Three years ago China was in the grip of a walnut investing bubble. In an episode akin to 17th century tulip mania, wealthy Chinese paid up to £3,000 (¥30,000) for a pair of walnuts which cost £36 (¥350) several years prior.
In the belief that rolling a nut in the palm of the hand is good for circulation, a huge industry of brokers and collectors was spawned, and the price of walnuts ballooned.
Fast forward to today, and China’s stock markets are the latest site of investment mania. The Shanghai Composite has soared 180 per cent in the last 12 months, but unsurprisingly this has not been accompanied by a sudden change in corporate health.
For the first time in China’s history, traders outnumber members of the Communist party. There are now a record 90m individual investors, according to recent statistics from the China Securities and Depository Co.
When that figure is set against the 87.8m Communist Party members, it is clear how culturally entrenched investment has become.

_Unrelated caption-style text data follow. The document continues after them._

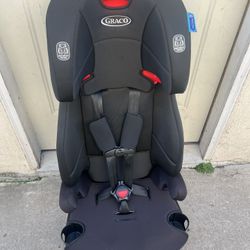 GRACO TRANZITION 3&1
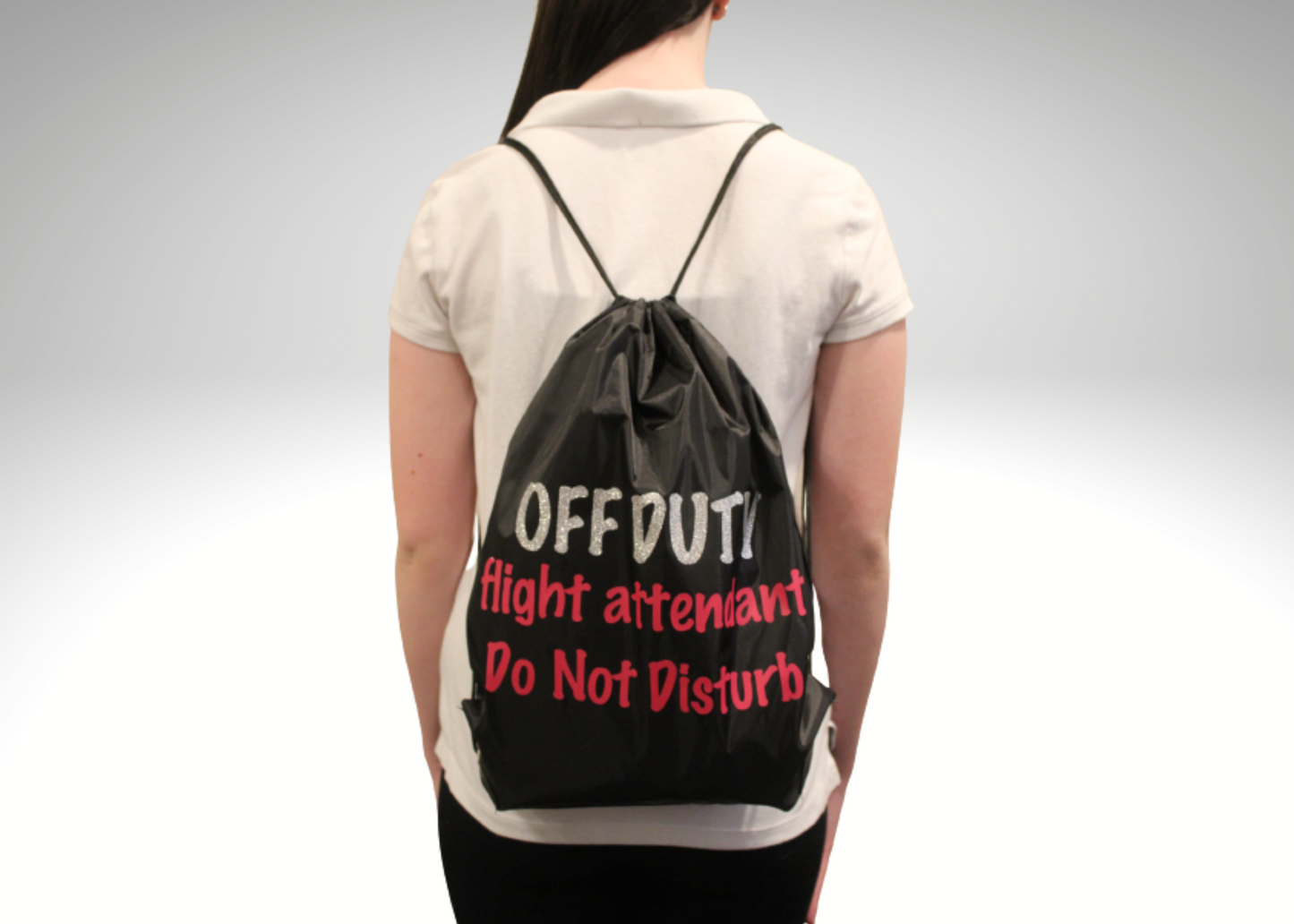 Drawstring Bag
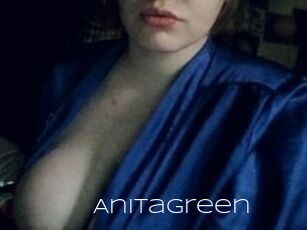 Anitagreen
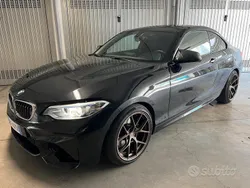 Usata 2014 BMW 220 M Sport Coupé | 18.500 € (Cara)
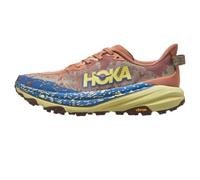 HOKA ONE ONE Scarpe Speedgoat 6 Uomo Marrone/Blu Multicolore Taglia 42 2/3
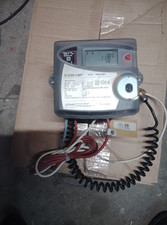 Ultraschall-Wärmezähler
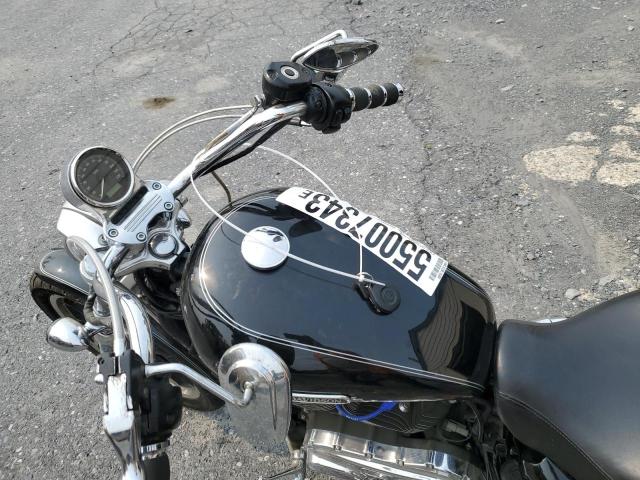 2007 HARLEY-DAVIDSON XL1200 L - 1HD1CX3167K414602
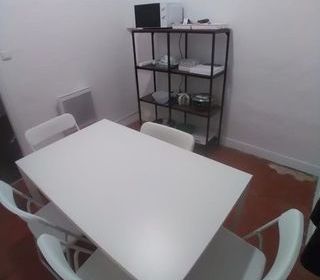  Appartement � louer 1 pi�ce 12 m�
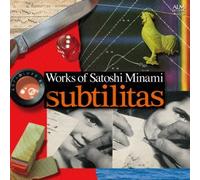 TETSUJI HONNA/TOKYO CITY PHILHARMONIC ORCHESTRA - SATOSHI MINAMI: SAKUHINSHU SUBTILITAS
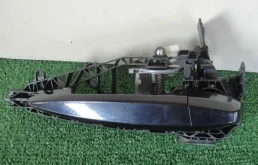 Ручка двери BMW X5 51217396308 F15, передняя правая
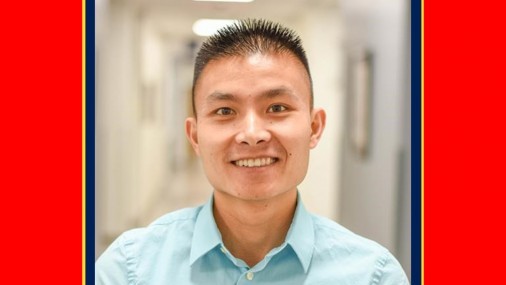 Variety Care  Extiende alcance a Comunidad de Oklahoma · Dr. Hoai Nguyen ·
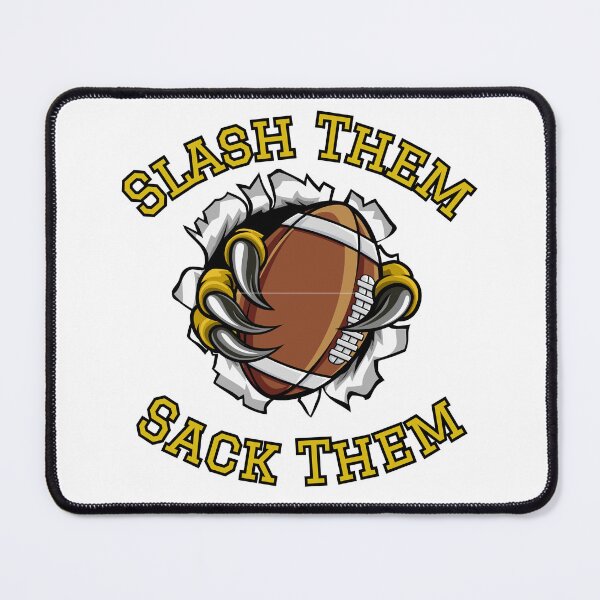 Item preview, Slash Them Sack Them designed and sold by BeWilDesigns.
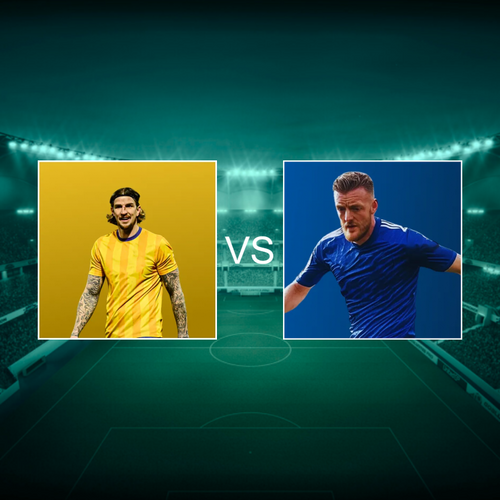 Mansfield Town FC vs Leicester City FC EFL League One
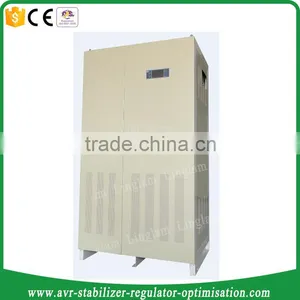 380v Sbw Voltage Regulator 600 Kva thumbnail-1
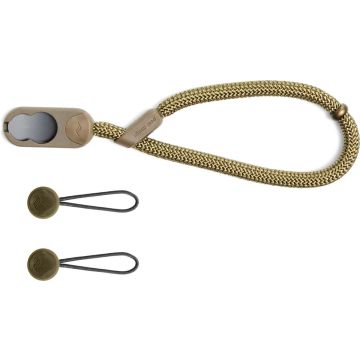 Peak Design dūres siksna Cuff Rope, jūraugu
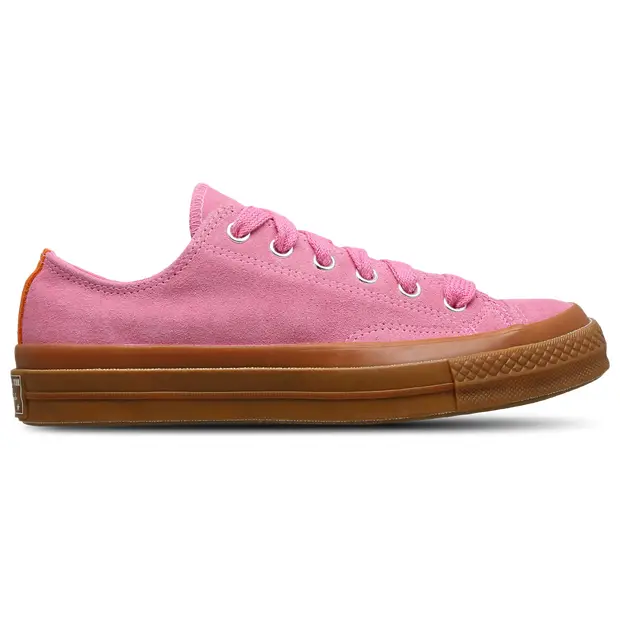 Chuck 70 Donna - Sneakers Rosa Pink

But perhaps the ultimate sign of how far investment fever has gripped ordinary Chinese is the fact that casinos are feeling the pinch. “Macau casinos have reported a halving of traffic from mainland China, and at the same time there has been a 15-fold increase in the number of China’s broking accounts. The activity has literally moved from the casinos to the stock market,” explains Paul Niven of F&C Asset Management.

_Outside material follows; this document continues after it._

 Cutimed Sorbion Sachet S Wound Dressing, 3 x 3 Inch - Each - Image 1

From a Western perspective, China’s equity markets certainly look like a bubble. And it seems to have been pricked. In echoes of China’s last stock bubble in 2007-2008, the Shanghai Composite has swung wildly in the last few weeks. It slumped 22 per cent in the middle of June, putting it into official bear market territory, which is considered a fall of 20 per cent or more. It then bounced back, and ended the month seven per cent lower.
Since every aspect of China’s economy is normally tightly controlled, the rapid rise in the stock market has been described as a “state-sanctioned bull run”. But as the markets rose ever higher, the big question has been whether the authorities would move to calm the market before things became too wild. “The authorities have a nasty habit of stepping in and stopping animal spirits getting too far out of hand,” explains Justin Oliver from Canaccord Genuity Wealth Management.
STEMMING THE RUN
This seems to have begun. In mid-June the local securities regulator banned stock market brokers from working with so-called umbrella trusts, which provide investors with margin funding for stock speculation.
This appears to have been the immediate trigger for the fall in the stock market, says Mark Williams from Capital Economics.
It remains to be seen whether further measures to quell the market will be introduced, or if the bubble has indeed begun to burst.
Western investors have been watching from the sidelines, both bemused and curious. Foreigners currently own less than two per cent of Chinese stocks by market capitalisation, so the effect on overseas investors will have been minimal. But there is no doubt that China will one day soon play a much bigger part in Western investor portfolios.
The big shift will come when investment index providers such as MSCI begin to include mainland Chinese shares – known as A shares – in their indices. When this happens, passive investment funds tracking emerging market indices will be forced to buy up local Chinese equities. Billions of pounds of investor cash will pour into the market
Last month MSCI decided to hold off from adding A shares to its benchmarks. But others in the market including Vanguard and FTSE Russell have pressed on with including mainland shares in their indices, bringing the inevitable moment when China goes mainstream ever closer.